A Face I Would Never See

Words fail me in capturing what I wish to say about the volumes spoken by this recent TIME magazine photograph of Congresswoman Giffords, taken eleven months after she was shot in the head at point blank range. Sparing you the perhaps futile effort to describe why or how, I'll just state that this is a face I thought I would never see. When I look at the photo and construct for myself what I see behind the eyes, I see what I would have not thought possible for this person prior to last year. It is not about "better or worse" or "wise or unwise." Closer to the mark involves the experience of suffering and mortality. Not surprisingly, Gabrielle and her husband Mark put forward a positive image of hope and courage, but it shows a certain honestly to allow television programs to broadcast the brutal, gut-wrenching photographs of her shortly after she was shot. The approval and publication of this photograph is also an act of communication, however conscious or intentional, and anyone interested in food for thought is invited to contrast this photograph with those of the Congresswoman prior to 2011. In the world that existed then, it is a face I would never see.


Blogger Liza said...

I think it is worth noting that if you didn't know Gabrielle Giffords and had never seen a picture of her except for this one, she looks like an average middle aged woman. It is only in comparison to her former self that the differences are striking. And the reasons for this may be mostly caused by some slight paralysis, vision loss, the surgery she had near her right eye, and/or weight loss. The spirit and the soul of the person behind the eyes may have survived intact, but for physical reasons the eyes and the face cannot express her.

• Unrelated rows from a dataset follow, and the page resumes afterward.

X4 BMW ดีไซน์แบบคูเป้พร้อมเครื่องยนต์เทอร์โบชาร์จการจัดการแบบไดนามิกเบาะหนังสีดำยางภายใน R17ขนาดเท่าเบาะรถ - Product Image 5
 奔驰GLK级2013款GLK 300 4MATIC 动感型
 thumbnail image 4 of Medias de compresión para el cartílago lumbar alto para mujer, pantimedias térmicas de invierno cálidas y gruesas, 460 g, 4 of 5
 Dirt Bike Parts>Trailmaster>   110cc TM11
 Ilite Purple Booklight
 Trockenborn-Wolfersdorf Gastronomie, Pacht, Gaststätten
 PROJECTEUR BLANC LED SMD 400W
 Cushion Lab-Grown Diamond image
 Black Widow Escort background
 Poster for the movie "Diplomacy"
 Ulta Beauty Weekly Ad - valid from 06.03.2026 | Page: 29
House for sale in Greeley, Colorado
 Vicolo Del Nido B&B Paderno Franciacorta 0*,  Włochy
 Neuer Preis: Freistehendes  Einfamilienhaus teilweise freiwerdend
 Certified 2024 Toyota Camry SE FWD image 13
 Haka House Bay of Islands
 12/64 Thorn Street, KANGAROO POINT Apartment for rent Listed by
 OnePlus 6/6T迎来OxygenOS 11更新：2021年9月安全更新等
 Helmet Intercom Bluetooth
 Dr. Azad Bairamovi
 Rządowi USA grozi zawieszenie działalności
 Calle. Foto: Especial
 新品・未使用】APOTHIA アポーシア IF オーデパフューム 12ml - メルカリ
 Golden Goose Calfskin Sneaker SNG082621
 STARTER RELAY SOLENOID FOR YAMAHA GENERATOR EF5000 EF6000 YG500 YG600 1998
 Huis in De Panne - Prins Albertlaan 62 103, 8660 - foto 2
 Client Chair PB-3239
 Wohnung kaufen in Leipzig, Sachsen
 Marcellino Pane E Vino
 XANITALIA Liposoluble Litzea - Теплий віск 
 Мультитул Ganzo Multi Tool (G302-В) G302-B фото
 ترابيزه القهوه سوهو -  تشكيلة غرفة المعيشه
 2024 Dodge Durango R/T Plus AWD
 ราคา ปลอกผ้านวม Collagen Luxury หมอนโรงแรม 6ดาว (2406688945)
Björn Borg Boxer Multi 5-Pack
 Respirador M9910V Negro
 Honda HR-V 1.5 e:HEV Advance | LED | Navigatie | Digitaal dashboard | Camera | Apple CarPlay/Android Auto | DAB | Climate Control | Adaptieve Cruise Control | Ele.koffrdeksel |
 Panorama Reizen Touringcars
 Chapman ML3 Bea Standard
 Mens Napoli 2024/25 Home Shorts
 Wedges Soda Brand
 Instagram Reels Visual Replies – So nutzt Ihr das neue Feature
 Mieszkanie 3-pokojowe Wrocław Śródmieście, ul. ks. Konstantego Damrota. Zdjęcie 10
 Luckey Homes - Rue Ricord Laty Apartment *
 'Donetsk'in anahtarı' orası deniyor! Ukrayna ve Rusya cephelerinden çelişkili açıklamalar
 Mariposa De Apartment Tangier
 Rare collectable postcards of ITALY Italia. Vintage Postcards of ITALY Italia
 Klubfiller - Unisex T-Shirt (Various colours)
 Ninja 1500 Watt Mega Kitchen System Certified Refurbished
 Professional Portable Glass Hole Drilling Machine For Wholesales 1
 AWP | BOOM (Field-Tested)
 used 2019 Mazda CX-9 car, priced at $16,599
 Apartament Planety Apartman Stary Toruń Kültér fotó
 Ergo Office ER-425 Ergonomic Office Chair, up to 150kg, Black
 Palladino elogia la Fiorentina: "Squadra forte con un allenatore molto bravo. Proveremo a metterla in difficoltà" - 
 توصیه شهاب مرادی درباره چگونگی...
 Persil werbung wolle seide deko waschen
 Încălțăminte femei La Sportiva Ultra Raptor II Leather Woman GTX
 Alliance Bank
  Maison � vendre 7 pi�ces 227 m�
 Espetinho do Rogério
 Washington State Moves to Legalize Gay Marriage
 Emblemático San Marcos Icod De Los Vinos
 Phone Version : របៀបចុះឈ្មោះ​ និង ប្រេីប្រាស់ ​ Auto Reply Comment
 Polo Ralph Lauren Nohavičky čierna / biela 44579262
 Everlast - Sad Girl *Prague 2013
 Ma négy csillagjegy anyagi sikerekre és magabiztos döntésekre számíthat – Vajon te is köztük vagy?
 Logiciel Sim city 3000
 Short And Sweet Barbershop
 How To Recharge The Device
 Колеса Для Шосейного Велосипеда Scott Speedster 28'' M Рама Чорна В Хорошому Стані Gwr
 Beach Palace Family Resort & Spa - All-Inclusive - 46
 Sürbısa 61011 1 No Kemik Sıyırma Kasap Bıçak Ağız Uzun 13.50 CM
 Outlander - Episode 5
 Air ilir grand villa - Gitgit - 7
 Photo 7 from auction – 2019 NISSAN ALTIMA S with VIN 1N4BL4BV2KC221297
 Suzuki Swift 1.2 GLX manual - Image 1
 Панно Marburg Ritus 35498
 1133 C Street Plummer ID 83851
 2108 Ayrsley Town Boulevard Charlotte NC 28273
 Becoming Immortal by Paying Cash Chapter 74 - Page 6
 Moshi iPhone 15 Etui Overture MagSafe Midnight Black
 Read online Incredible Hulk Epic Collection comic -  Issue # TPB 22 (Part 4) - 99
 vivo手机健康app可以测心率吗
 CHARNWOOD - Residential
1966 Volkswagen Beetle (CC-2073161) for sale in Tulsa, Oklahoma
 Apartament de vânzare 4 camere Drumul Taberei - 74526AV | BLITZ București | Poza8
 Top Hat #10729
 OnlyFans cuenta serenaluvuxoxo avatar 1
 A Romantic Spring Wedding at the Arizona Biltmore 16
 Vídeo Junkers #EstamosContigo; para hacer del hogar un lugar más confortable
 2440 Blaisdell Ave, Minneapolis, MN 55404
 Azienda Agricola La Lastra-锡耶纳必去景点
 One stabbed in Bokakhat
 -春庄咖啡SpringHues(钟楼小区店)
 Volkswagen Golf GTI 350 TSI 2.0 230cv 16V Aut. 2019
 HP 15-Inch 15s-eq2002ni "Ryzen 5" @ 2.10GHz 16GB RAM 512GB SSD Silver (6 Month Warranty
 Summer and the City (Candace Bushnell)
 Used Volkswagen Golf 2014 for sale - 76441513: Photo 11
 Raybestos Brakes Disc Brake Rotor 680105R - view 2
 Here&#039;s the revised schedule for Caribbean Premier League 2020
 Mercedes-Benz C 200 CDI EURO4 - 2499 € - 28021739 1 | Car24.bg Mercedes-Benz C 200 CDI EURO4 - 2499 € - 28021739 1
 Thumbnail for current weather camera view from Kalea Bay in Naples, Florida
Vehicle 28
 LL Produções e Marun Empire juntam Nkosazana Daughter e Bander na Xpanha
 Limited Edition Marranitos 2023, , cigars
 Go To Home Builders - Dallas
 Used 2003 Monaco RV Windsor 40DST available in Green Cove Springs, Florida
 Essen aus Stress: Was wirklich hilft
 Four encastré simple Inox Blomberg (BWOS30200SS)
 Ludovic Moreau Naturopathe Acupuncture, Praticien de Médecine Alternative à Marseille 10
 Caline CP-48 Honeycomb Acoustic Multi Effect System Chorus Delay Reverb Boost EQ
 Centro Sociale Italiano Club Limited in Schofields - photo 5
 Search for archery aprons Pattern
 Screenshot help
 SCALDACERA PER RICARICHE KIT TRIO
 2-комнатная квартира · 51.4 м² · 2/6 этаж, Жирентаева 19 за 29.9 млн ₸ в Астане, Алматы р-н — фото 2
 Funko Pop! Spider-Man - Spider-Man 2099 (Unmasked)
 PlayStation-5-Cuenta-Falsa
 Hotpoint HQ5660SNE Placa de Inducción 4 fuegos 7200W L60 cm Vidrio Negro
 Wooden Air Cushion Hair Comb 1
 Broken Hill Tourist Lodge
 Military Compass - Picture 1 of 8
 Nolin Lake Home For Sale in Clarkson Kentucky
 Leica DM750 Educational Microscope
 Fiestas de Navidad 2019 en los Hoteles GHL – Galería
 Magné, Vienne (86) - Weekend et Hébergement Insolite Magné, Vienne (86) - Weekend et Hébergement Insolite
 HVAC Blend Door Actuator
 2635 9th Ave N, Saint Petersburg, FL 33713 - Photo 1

Until I saw the videos of Gabrielle in her early days of recovery, the most disturbing picture I remember was the one where she was being carried on the stretcher in the Safeway parking lot. The photo is somehow tempered by the presence of Daniel Hernandez holding Gabrielle's hand despite the horrific brutality of the scene of the massacre. In the recovery videos, nothing is there to temper the brutality of Gabrielle's injuries. There is just a severely wounded person, a victim of extreme violence with a long and uncertain road to recovery ahead of her.

Eleven months later we can be grateful that Gabrielle lived because she said herself that she is glad to still be alive. I cannot think of anything else as important as that for those who care about her to take comfort in knowing. She is glad to be alive.

No one can turn back the hands of time and restore what was taken from all of those people who lost their lives or were injured in the massacre. No one can make them whole or give them back to their families. This was a tragic turn in the lives of so many people and so much was lost that is just simply gone forever.

We've been left with a lot to think about, and we haven't done that yet. I believe that Mark Kelly and Gabrielle are trying to help us with that.

I know that I haven't said anything that helps you, X4mr. That is the point, really. Loss seems easier to bear when you accept what it is and decide to bear it, forever. Loss is forever.